Last Updated: 2024-09-24

Background

Delta Lake is an open-source table format that brings reliability, performance, and scalability to data lakes. It was originally developed by Databricks and is built on top of Apache Spark, integrating with data lakes on cloud storage systems like Amazon S3, Azure Data Lake Storage, and Google Cloud Storage. Delta Lake is popular for implementing a lakehouse architecture, which combines the scalability and flexibility of data lakes with the reliability and performance of traditional data warehouses.

Scope of tutorial

In this tutorial you will explore the concept of table formats by learning about Delta Lake. You will create delta lake tables, modify them, and observe changes in the corresponding Delta Log, which records all additions, deletions, and updates made to a Delta Lake table. You will end by investigating how Delta Log files are stored and what kind of information you can gather by looking inside them.

Learning objectives

Once you've completed this tutorial, you will be able to:

Use Starburst Galaxy to create and populate Delta Lake tables.
Use Starburst Galaxy to query Delta Lake tables.
Explain what information is stored in the Delta Log.

Prerequisites

You need a Starburst Galaxy account to complete this tutorial. Please see Starburst Galaxy: Getting started for instructions on setting up a free account.
You must complete the prerequisite tutorial titled Configure a Starburst Galaxy data lake catalog and schema before attempting this tutorial. It will guide you in setting up the required environment for this tutorial.

About Starburst tutorials

Starburst tutorials are designed to get you up and running quickly by providing bite-sized, hands-on educational resources. Each tutorial explores a single feature or topic through a series of guided, step-by-step instructions.

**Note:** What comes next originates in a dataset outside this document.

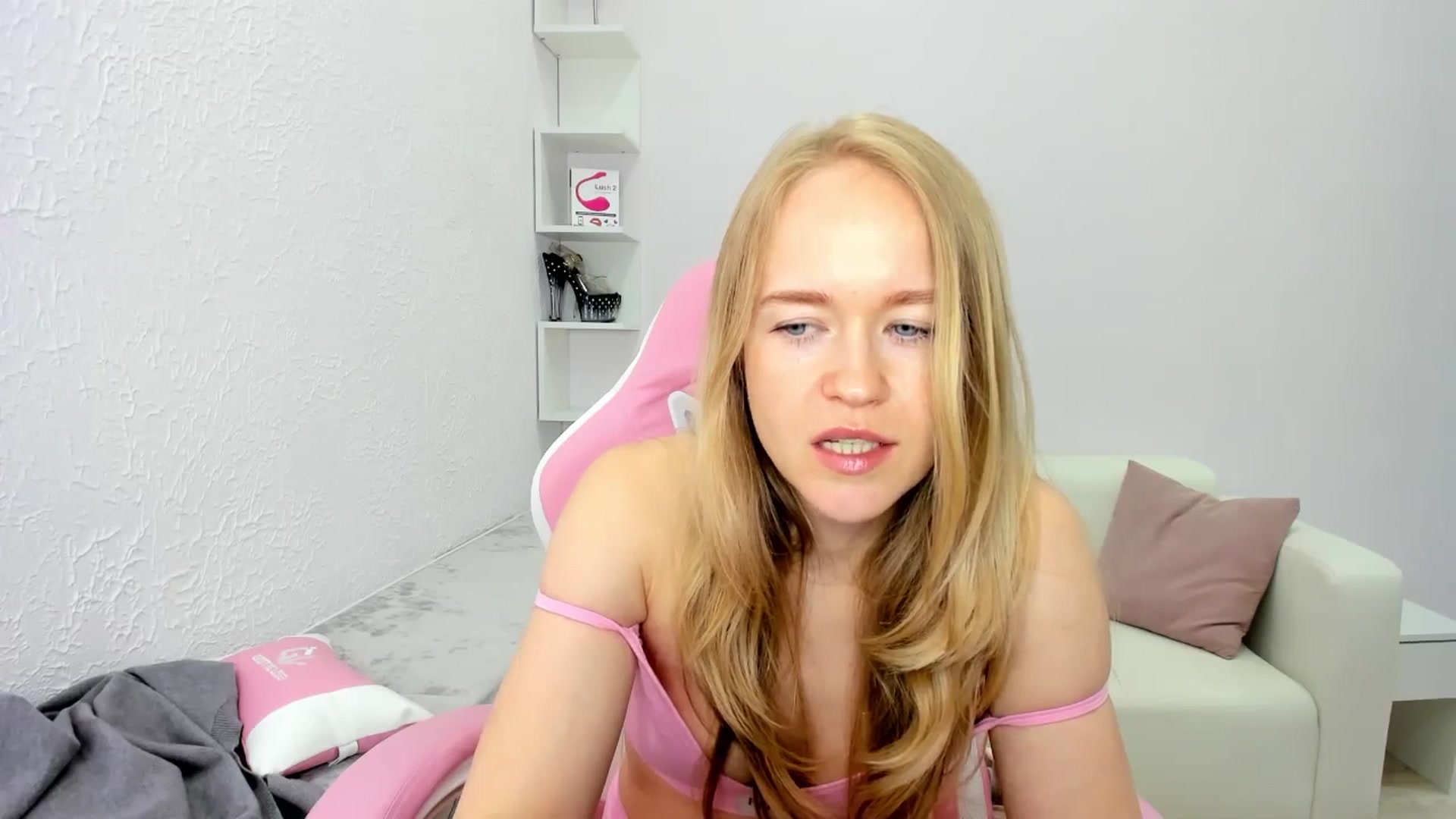 Gallery image thumbnail from Angel_Kristy's myfreecams stream on, 05/13/2025, 06:26 image 8 of 20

As you navigate through the tutorial you should follow along using your own Starburst Galaxy account. This will help consolidate the learning process by mixing theory and practice.

Background

You're going to begin by signing in to Starburst Galaxy and setting your role.

This is a quick step, but an important one.

Step 1: Sign into Starburst Galaxy

Sign into Starburst Galaxy in the usual way. If you have not already set up an account, you can do that here.

Step 2: Set your role

Your current role is listed in the top right-hand corner of the screen.

Check your role, to ensure that it is set to accountadmin.
If it is set to anything else, use the drop-down menu to select the correct role.

Background

In Starburst Galaxy, you can create and populate new tables from the Query editor. Your new table will go in the catalog and schema that you created in the prerequisite tutorial.

Step 1: Set catalog and schema

You can set the catalog and schema for a session in the Query editor so that you don't have to use the fully-qualified table name in your queries.

Hover over the left-hand navigation menu to expand it.
Select Query>>Query editor.
Select the aws-us-east-1 cluster, tmp_cat catalog, and tmp_first_last_postalcode schema.

Step 2: Create Delta Lake table

Now you're going to use DDL, or data definition language, to create a new table called my_delta_tbl.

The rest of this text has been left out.